Wywiad: jak skutecznie zarządzać projektami IT?
30.01.2023
Rzeczywistość funkcjonowania w dynamicznie zmieniających się realiach społecznych, gospodarczych i politycznych wymaga od przedsiębiorców dużej elastyczności w działaniu. Skutkiem wszelkich wprowadzanych w biznesie zmian jest pojawianie się coraz bardziej zaawansowanego oprogramowania. Projekty te muszą być efektywnie zarządzane, by spełniały ustalone parametry zakresu, czasu i kosztów, co przekłada się na jakość. W jaki sposób skutecznie zarządzać projektami IT, by zapewnić ich sprawne działanie? O tych kwestiach rozmawiamy z Łukaszem Brewczyńskim.

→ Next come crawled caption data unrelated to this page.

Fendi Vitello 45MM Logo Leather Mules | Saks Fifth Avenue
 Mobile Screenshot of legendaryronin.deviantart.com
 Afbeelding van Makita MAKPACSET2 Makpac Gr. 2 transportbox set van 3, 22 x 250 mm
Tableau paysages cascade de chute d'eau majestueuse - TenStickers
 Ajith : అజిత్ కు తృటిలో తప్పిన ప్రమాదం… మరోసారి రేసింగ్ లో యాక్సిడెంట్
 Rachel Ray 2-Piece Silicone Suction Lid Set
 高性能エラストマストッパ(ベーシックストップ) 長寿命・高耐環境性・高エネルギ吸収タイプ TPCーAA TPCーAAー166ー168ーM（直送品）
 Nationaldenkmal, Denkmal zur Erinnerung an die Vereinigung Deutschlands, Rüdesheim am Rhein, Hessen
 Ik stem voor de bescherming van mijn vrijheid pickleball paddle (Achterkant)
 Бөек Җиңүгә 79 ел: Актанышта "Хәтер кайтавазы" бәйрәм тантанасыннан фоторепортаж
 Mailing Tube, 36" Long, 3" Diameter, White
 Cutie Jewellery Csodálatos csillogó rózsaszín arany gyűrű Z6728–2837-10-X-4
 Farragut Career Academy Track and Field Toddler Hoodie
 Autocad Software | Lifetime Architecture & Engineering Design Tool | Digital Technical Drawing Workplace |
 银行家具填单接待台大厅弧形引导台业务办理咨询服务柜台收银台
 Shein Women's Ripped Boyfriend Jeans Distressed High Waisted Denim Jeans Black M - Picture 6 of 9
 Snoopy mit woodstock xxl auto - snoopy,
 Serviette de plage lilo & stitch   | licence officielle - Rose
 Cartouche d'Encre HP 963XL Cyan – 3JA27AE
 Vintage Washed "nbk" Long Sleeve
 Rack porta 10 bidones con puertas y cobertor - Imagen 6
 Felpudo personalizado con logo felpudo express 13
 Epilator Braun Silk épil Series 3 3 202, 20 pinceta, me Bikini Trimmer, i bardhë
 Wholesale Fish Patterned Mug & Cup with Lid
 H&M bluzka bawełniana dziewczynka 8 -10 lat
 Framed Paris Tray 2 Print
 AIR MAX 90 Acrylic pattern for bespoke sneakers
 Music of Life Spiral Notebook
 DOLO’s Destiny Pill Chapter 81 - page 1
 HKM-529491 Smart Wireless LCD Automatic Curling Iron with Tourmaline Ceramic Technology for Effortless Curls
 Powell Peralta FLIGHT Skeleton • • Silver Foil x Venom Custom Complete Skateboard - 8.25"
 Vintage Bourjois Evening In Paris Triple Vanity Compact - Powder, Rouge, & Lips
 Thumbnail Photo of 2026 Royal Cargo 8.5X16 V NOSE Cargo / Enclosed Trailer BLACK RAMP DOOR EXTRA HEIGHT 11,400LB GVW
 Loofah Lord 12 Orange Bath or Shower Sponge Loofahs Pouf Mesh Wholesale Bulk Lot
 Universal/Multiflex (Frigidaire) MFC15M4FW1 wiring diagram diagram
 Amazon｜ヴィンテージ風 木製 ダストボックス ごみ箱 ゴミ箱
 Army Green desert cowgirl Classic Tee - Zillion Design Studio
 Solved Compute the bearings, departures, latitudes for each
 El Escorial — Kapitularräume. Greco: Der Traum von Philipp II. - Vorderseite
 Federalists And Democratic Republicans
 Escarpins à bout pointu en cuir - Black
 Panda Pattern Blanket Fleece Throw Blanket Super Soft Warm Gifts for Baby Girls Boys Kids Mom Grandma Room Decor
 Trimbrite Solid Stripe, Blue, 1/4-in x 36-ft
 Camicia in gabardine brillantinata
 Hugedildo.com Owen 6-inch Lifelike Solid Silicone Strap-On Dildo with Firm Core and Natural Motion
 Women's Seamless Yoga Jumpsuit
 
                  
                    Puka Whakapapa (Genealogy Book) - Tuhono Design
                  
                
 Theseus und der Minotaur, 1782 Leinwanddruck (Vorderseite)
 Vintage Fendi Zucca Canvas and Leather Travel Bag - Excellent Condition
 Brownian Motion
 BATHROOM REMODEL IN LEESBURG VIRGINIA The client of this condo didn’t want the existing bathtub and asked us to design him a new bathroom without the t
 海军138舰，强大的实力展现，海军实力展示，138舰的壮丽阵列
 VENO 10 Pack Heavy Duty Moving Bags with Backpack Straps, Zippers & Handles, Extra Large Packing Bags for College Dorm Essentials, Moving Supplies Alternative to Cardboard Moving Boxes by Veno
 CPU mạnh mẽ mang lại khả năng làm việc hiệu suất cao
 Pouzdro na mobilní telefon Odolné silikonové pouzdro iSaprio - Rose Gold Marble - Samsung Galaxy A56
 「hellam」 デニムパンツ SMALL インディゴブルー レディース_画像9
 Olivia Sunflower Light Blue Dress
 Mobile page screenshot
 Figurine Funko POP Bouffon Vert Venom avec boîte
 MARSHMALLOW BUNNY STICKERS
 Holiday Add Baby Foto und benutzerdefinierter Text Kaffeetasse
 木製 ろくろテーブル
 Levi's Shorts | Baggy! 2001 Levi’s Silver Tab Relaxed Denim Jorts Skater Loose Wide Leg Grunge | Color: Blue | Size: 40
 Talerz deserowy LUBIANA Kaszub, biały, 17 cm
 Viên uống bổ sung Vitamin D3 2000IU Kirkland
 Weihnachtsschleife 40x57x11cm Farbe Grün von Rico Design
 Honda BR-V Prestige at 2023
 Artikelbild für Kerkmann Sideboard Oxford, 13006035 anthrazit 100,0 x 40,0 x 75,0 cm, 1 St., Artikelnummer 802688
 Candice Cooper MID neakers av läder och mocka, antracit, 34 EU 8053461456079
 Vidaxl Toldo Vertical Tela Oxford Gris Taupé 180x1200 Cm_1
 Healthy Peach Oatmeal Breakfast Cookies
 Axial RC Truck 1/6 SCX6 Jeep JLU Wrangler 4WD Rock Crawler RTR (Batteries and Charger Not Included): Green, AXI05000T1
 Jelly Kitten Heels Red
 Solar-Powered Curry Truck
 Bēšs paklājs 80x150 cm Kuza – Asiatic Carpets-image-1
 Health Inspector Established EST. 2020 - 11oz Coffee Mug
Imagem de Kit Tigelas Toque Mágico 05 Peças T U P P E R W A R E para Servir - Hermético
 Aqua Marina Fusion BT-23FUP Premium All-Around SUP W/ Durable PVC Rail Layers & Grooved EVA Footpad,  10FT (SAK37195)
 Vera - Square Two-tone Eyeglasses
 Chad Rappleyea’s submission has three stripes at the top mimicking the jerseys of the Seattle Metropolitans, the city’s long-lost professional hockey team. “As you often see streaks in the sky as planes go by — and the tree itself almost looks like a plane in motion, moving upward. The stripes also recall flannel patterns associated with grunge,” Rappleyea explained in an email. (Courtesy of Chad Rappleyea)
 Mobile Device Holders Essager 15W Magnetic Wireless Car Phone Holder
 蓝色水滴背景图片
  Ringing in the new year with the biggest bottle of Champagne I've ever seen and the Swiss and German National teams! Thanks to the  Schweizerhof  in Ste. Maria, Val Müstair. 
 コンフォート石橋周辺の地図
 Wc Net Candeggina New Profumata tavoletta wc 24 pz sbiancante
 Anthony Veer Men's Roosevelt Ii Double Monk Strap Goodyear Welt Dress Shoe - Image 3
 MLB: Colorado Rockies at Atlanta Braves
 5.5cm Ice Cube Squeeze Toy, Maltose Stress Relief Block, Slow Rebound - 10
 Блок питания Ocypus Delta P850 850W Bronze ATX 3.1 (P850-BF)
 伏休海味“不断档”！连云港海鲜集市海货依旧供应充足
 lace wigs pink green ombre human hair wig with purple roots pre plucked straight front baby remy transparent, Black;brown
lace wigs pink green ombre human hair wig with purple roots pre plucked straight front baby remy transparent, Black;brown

Marta Skiba: zglobalizowany i dynamiczny świat przekłada się na realia projektowe?
- Łukasz Brewczyński: to nieuniknione. Coraz więcej przedsiębiorstw, chcąc zapewnić sobie odpowiednią pozycję w branży, chętnie korzysta z możliwości, jakie otwiera przed nimi oprogramowanie dedykowane. Każdy taki projekt charakteryzuje się specyficznymi ramami, których należy się trzymać w trakcie realizacji. Specyfikacja, czas, kamienie milowe, wielkość zespołu projektowego, wykorzystywane technologie. Wiele wytycznych prowadzących do jednego celu. Przez to sama złożoność procesu zarządzania projektami stale wzrasta. Bez odpowiednich narzędzi i doświadczenia nabytego w praktyce można znacznie utrudnić sobie codzienną pracę.
Marta Skiba: a chyba nikt nie lubi sobie utrudniać życia… wypraktykowałeś jakieś stałe scenariusze działań projektowych?
- Łukasz Brewczyński: przez ostatnie lata wypracowaliśmy wyspecjalizowane ramy w zakresie działań projektowych oparte o najlepsze metodyki, ale faktem jest, że do każdego Klienta podchodzimy indywidualnie. Tylko w ten sposób możemy wypracować proces, w którym Klient poczuje się dobrze, co przełoży się na możliwość stworzenia oprogramowania dedykowanego, które spełni swoją rolę. Cenimy przy tym podejście oparte na zwinnych metodach zarządzania, w szczególności na framework’u Scrum. Dzięki niemu zachowujemy kontrolę nad postępami prac oraz jesteśmy w stanie szybciej uzyskiwać satysfakcjonujące efekty biznesowe, a także natychmiastowo reagować na zmianę. To sprawdzone mechanizmy, cenione nie tylko przez Klientów, którzy w każdym kroku rozumieją wytwarzany produkt, ale też nasi specjaliści.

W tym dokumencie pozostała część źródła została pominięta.